As much promise as Lewis shows on some offerings, however, others are not as successful. The "NOLA Charred Cauliflower," for instance, was overly charred and bitter, a factor exacerbated by an astringent Worcestershire butter. An overwhelming thyme flavor added to the assault on the palate.
The seared kale was also unfortunate. Leaves of the limp leafy greens – not quite warm, not quite room temperature — looked depressed as they lay pooling in a large quantity of preserved lemon Caesar dressing. Parmesan crisps were not; instead, the crouton stand-ins were tough and chewy. Rather than elevating a classic Caesar, this knocked it down a notch.

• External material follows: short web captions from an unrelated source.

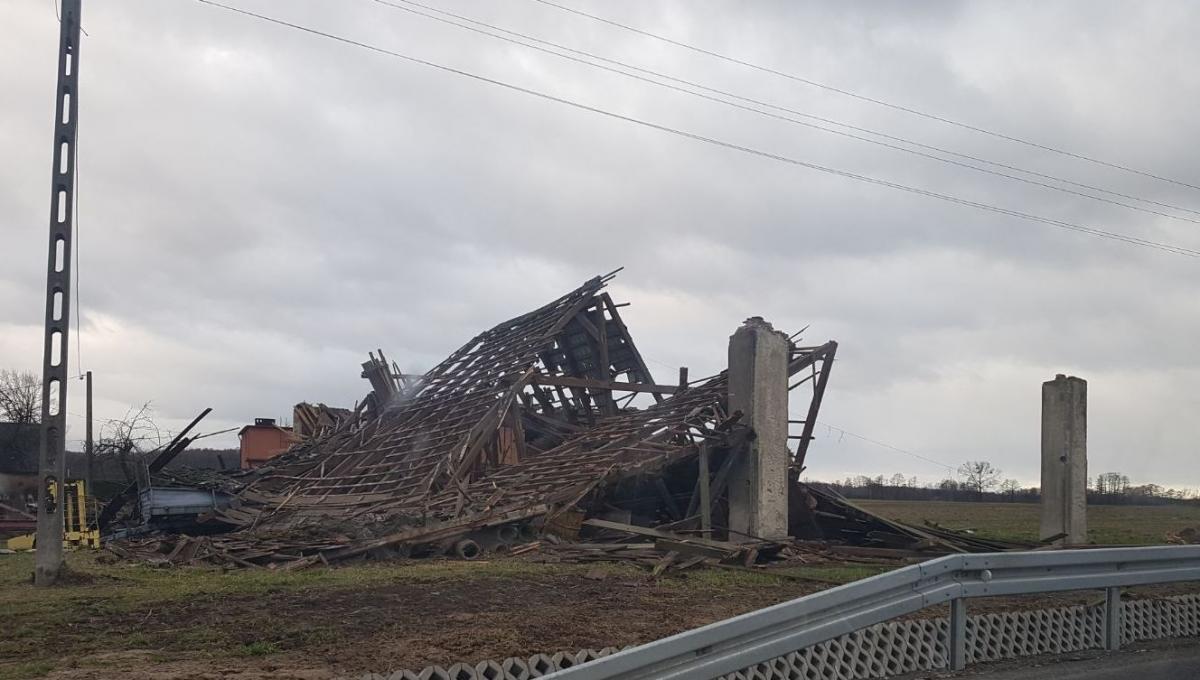 Beskidy: Brak prądu, odwołane pociągi, zablokowane drogi i zerwane dachy. Skutki wichur 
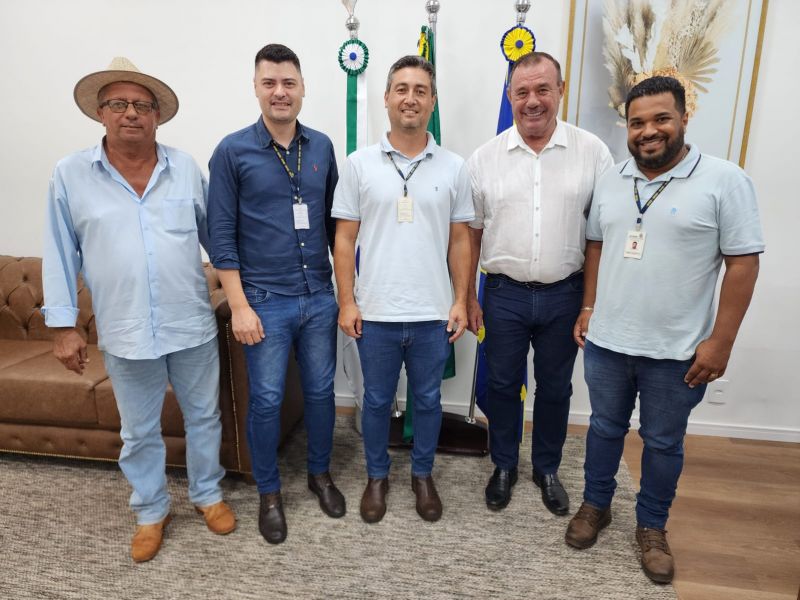 PARCERIA ENTRE PREFEITURA E SEAB BUSCA O DESENVOLVIMENTO RURAL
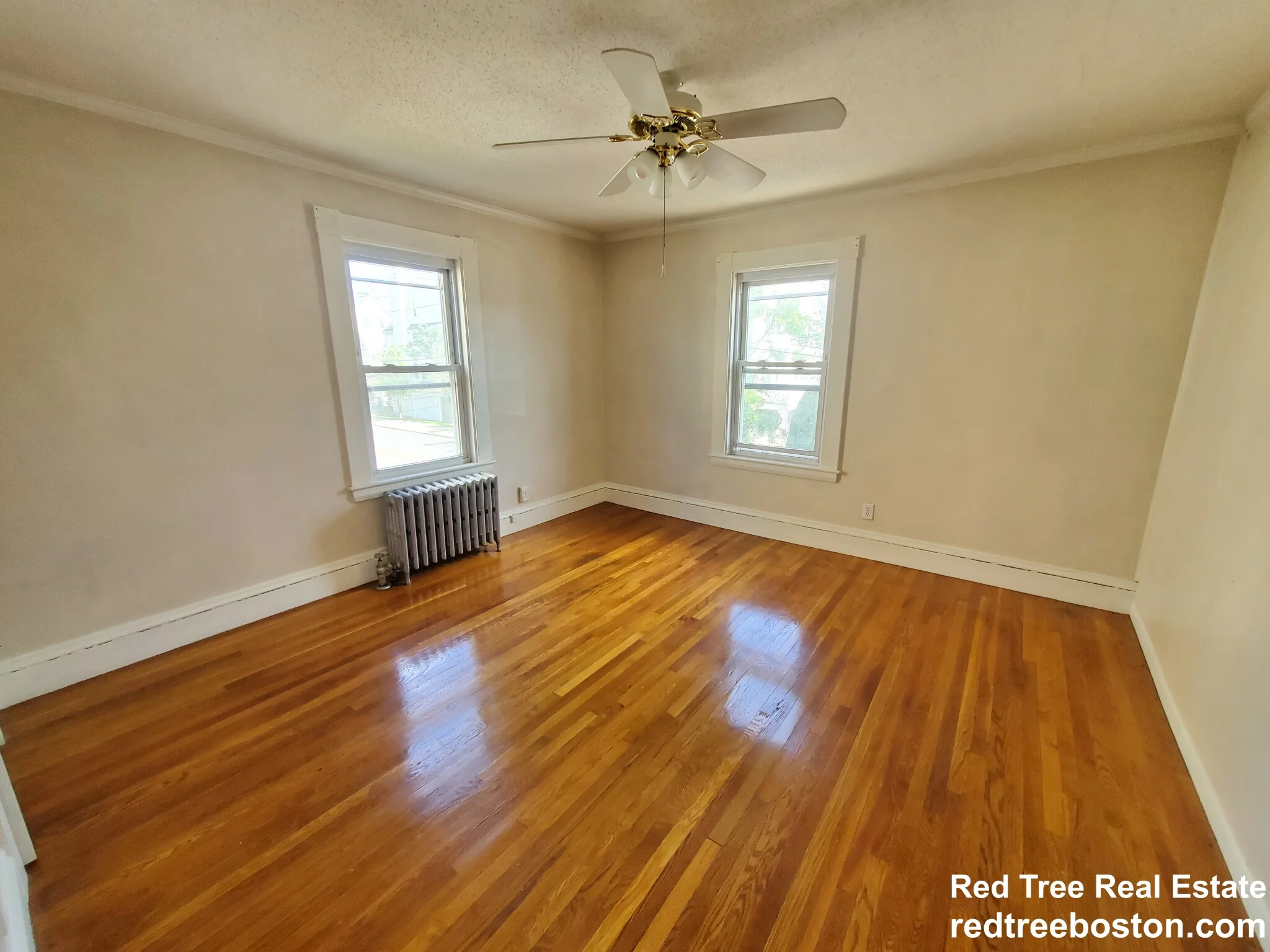 3 bed, 1.5 bath apartment for rent at 8 Cross St Unit Townhouse, Woburn — photo 5 of 15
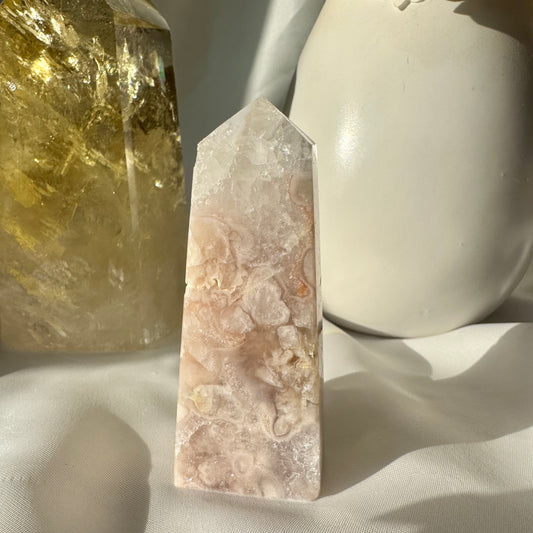 Pink Amethyst and Flower Agate Point (JJ) 8cm
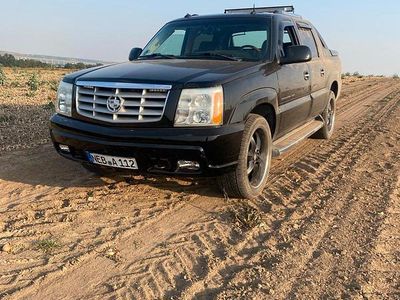 Gebraucht Cadillac Escalade 350 PS (257 kW) 2003 Schwarz SUV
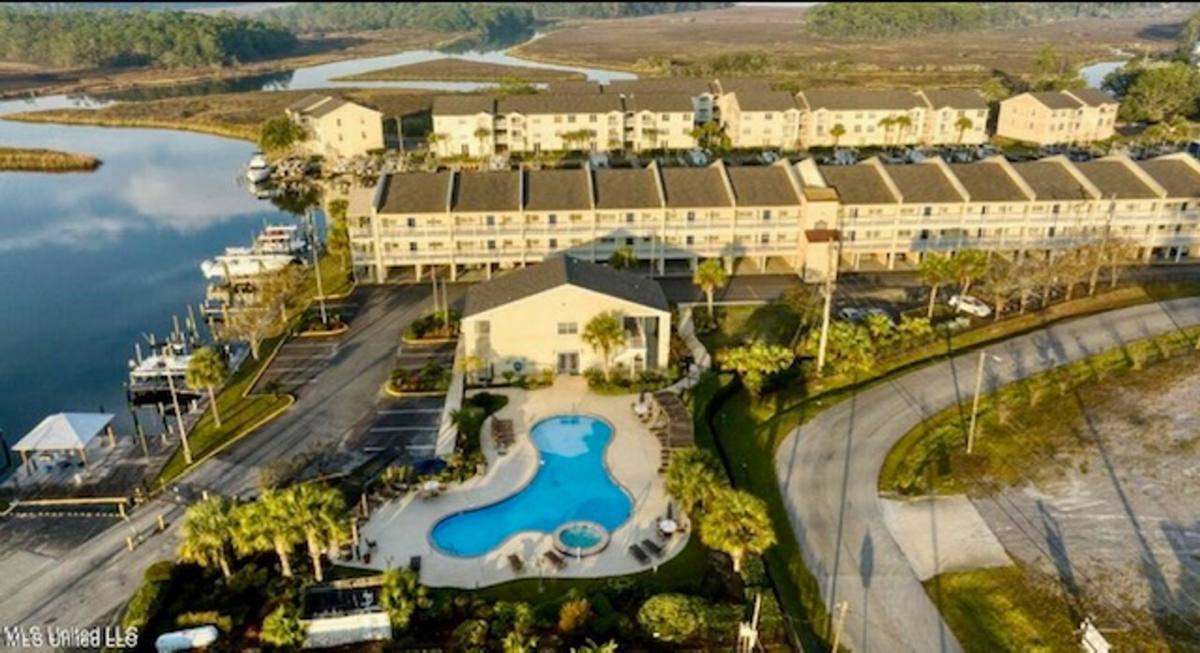Condo for rent at 2421 Beachview Dr, F13, Ocean Springs, MS 39564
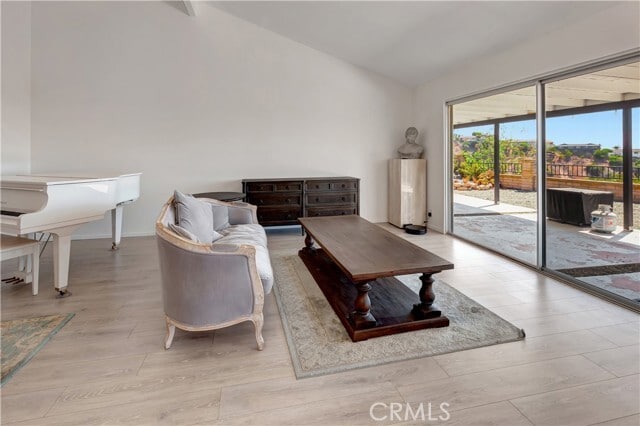 Building Photo - 33915 Calle Borrego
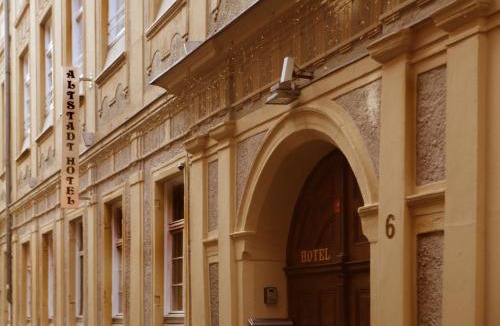 Innenstadt - Sankt Ulrich-Dom Hotel | Altstadthotel Augsburg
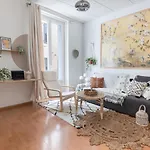Appartement 1er étage Piéton Place De La Pierre *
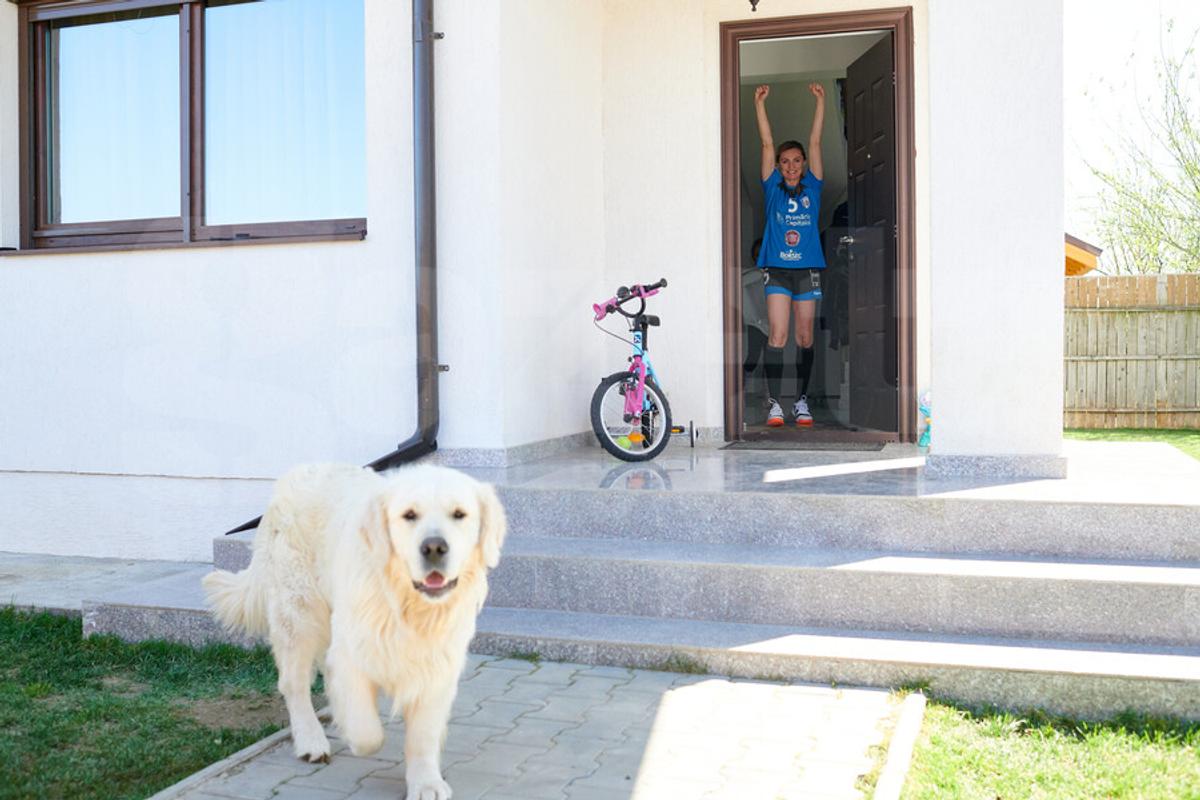 DOR DE SPORT » Proiect special GSP: 12 sportivi români fotografiați în casele lor, gata echipați de competiții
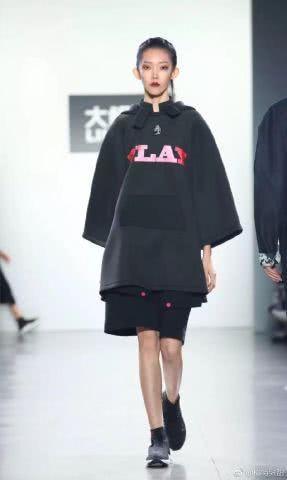 16岁的她如今已经走向国际!身高就有181!她却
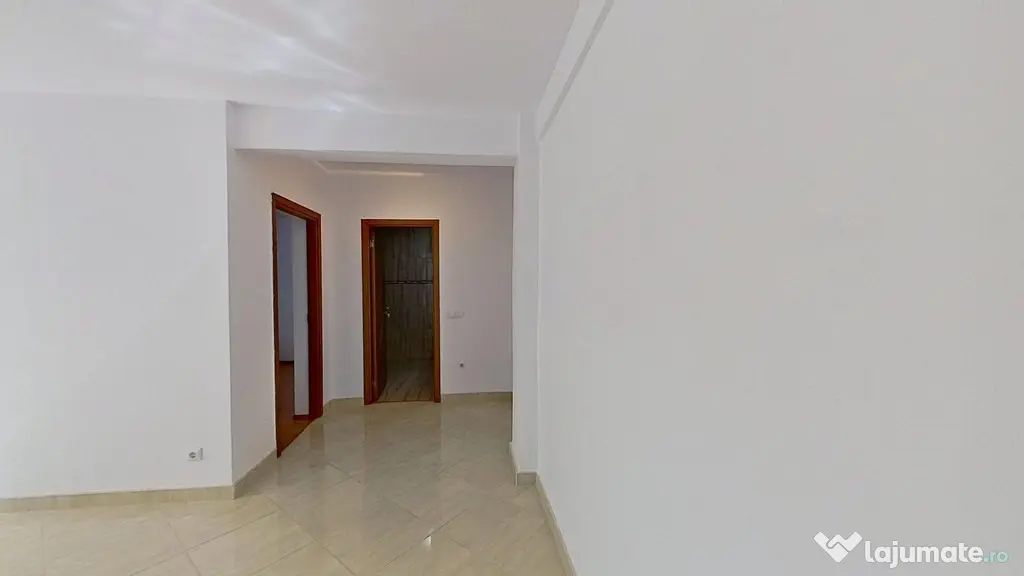 Apartament în vilă cu curte, etaj 1 - Bucuresti (Bucuresti-Ilfov)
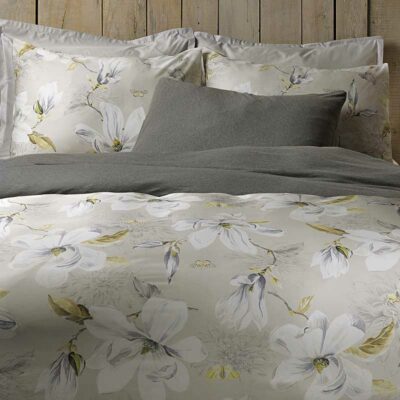 bed met bovenlakens in dessin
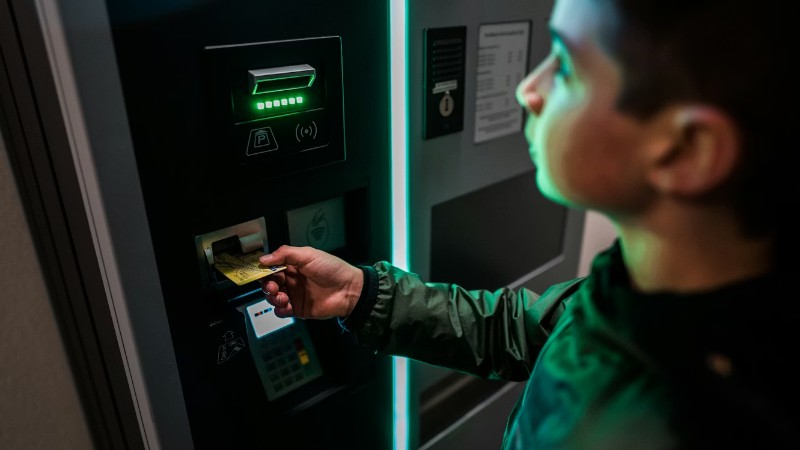 w 0, tags: global banking - unsplash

Barley risotto was loose and oddly tasted like egg-salad porridge, a funkiness derived from the over-easy egg that capped the dish. And a pork loin inspired by the "everything bagel" was dehydrated and sliced so thin I thought it might be charcuterie.
That wasn't the worst take on an everything bagel I found on the menu, however. That came courtesy of the house burger, which was a heaping mess of steak sauce, goat cheese crumbles, pickles, fried onions and a thin, overcooked patty of beef forced onto an undercooked bagel the way I force myself into a pair of Spanx — very uncomfortably. One bite and the entire contents of the sandwich slipped out the opposite side. Lewis says he did not want to put a burger on the menu. If he feels that strongly, he shouldn't. His contempt is palpable.
Fortunately, I was able to drown any lingering burger disappointment with excellent cocktails courtesy of Jeffrey Moll, the rising-star bartender who made a name for himself at the now shuttered Randolfi's. There, Moll had a penchant for the esoteric; he is toned down without being dumbed down at Pig & Pickle. That man can make a daiquiri.
And for dessert, Lewis can make a chocolate cake. Like his best dishes, the dessert is simple: a rich, chocolatey cake served à la mode with chocolate-malt ice cream and a dusting of candied pecan dust. As much as his knack for preparing such a straightforward, comforting dessert, too, Flesch shows her skills with the front of the house. The servers at Pig & Pickle have a beast of a job memorizing and then translating to diners a menu that is both massive and complex. On every occasion I visited, they did so warmly and without skipping a beat.
It's the simple things like this — warm hospitality, good drinks, a perfectly braised lamb — that make for a good restaurant. Pig & Pickle can be that; it's just not quite there yet. As my dining companion for one visit remarked, if Lewis would have cut out half the menu and spent the time and effort he saved on perfecting the lamb's yogurt sauce, it would have been the best dish he'd eaten in a year. With something that good up his sleeve, Lewis doesn't need to go overboard. He proves his goodness when he's not trying too hard to prove anything.